In the first case life change is at the behaviorallevel. In the second case it is from the inside out: Hearts that understand and live in grace, minds that seek to think like Jesus, lives that are brought in line with God’s priorities and relationships that reflect the love of Jesus. For too long the church has settled for behavior modification instead of inner transformation. This is a very important conversation.

There is, however, a second part of the transformation process that needs equal attention. It involves the purpose of transformation. Here is something to think about: when our focus on transformation is only personal and about us it is a selfish and incomplete transformation that diminishes God’s ultimate purpose for our lives.

Now I fully understand that heart transformation is the entrance into God’s kingdom and family and where we experience the forgiveness of sin and a new standing in God’s sight. This is the message of John 3:16. What this does not address is the purpose of that transformation: we are reconciled to God in Christ (giving us all the blessings of life in Jesus for eternity) in order to join God in His work of reconciliation in our world (2 Corinthians 5:11-21).

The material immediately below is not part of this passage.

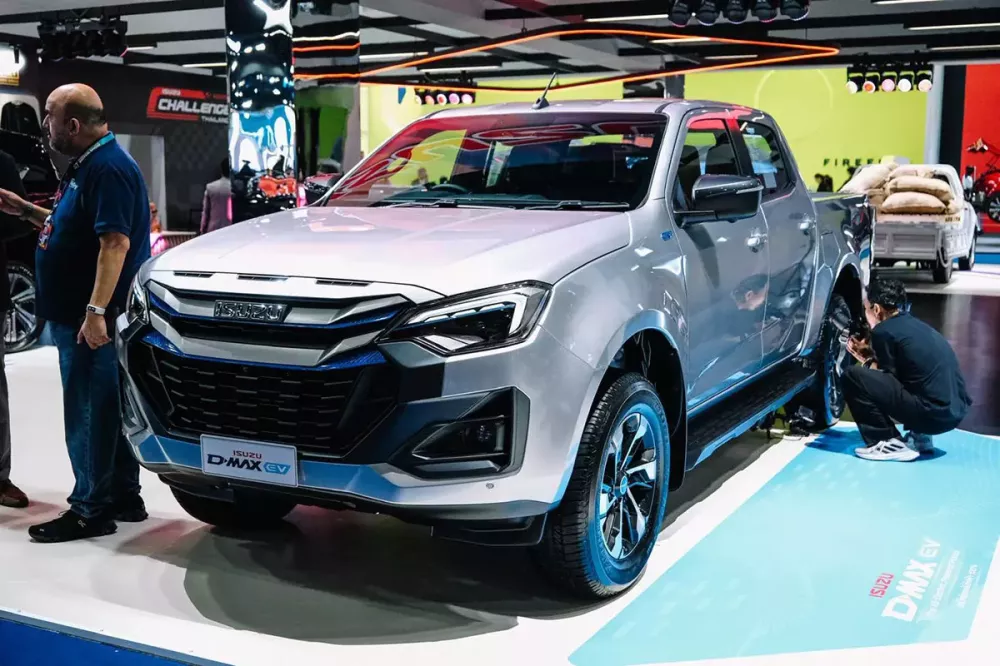 Ngắm hình ảnh bằng xương, bằng thịt của Isuzu D-Max EV mới được bán ở Đông Nam Á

Many of God’s people do not understand God’s Meta story! Our involvement in His Meta story is what brings our lives its greatest meaning!

That Meta story started in the garden where God created the world as He meant it to be: a creation at peace with itself and men and women in perfect relationship with God. That perfection was ruined by sin bringing with it the dehumanization of those made in His image. Into our world came sin, separation from God, relational disconnect, disease, death, sorrow, selfishness, war, injustice, fear, and all the results of sin.

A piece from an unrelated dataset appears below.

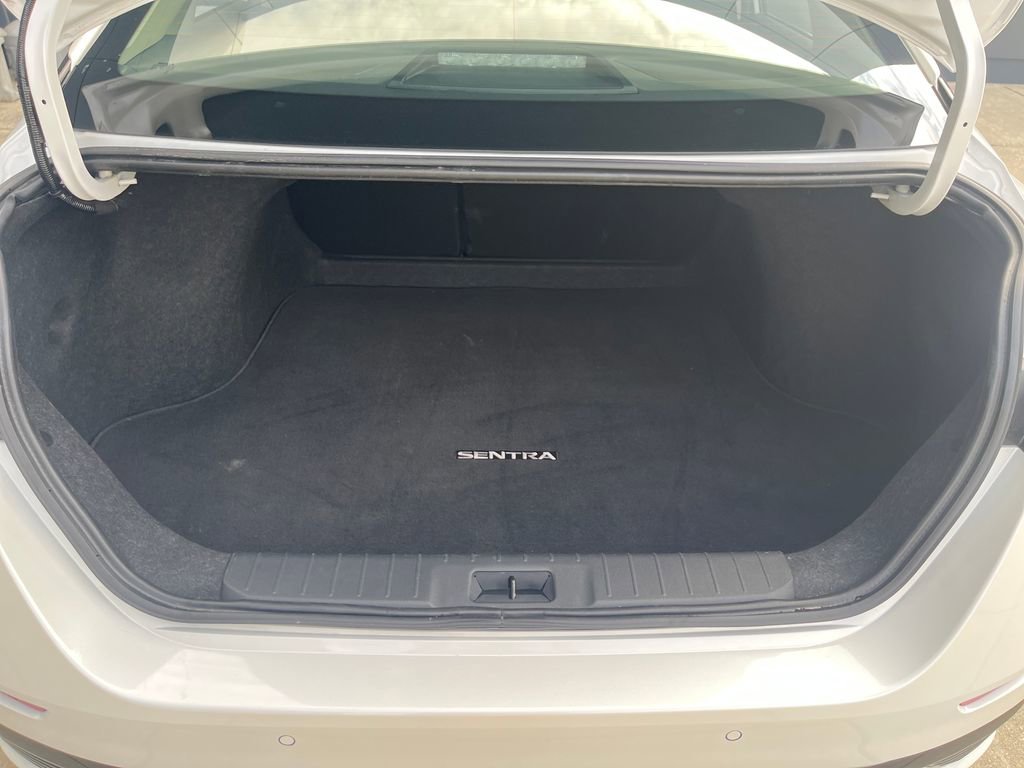Used 2025 Nissan Sentra SR image 26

From the moment of the fall, however, God put into place a divine rescue operation (Genesis 3:15) which culminated in the incarnation, life, death and resurrection of Jesus Christ and the inauguration of His Kingdom. His intent was and is to bring redemption to a broken world, redeeming what was made bad with the culmination coming at His return.

That redemption starts with hearts that are transformed but He then calls His people to join Him in His work of bringing His Kingdom to earth (Your kingdom come, your will be done on earth as it is in heaven – Matthew 6:10). 

This includes feeding the hungry, caring for the marginalized, bringing justice where there is injustice (Isaiah 55, Micah 6:8), caring for the orphan and widow and alien (Deuteronomy), bringing His Kingdom values to all the places we inhabit and the people we know (Sermon on the Mount) to name just a few examples. 

This is the outcome of our heart transformation: nothing less than the transformation of our communities, neighborhoods and workplaces as God uses us to bring His love, truth, values, practices and relationships to every corner of our lives.

Ephesians 2:8-10 sum this up very well. “For it is by grace you have been saved, through faith – and this not from yourselves, it is the gift of God – not by works, so that no one can boast. For we are God’s workmanship, created in Christ Jesus to do good works, which God prepared in advance for us to do.”

The regeneration of our hearts is a complete gift from God. But, don’t miss that we are God’s workmanship created in Christ Jesus to do good works – joining God in bringing His love, truth, values, practices and relationships to every corner of our lives. This is no individual pietistic vision but a vision of God’s family intentionally impacting everything and everyone around them. It is the gospel touching everything. It is transformation of hearts that results in transformation of our communities as we live out the life of Jesus.

The Meta story is about God’s plan to redeem what sin destroyed. We are redeemed to join Him in that redemption story.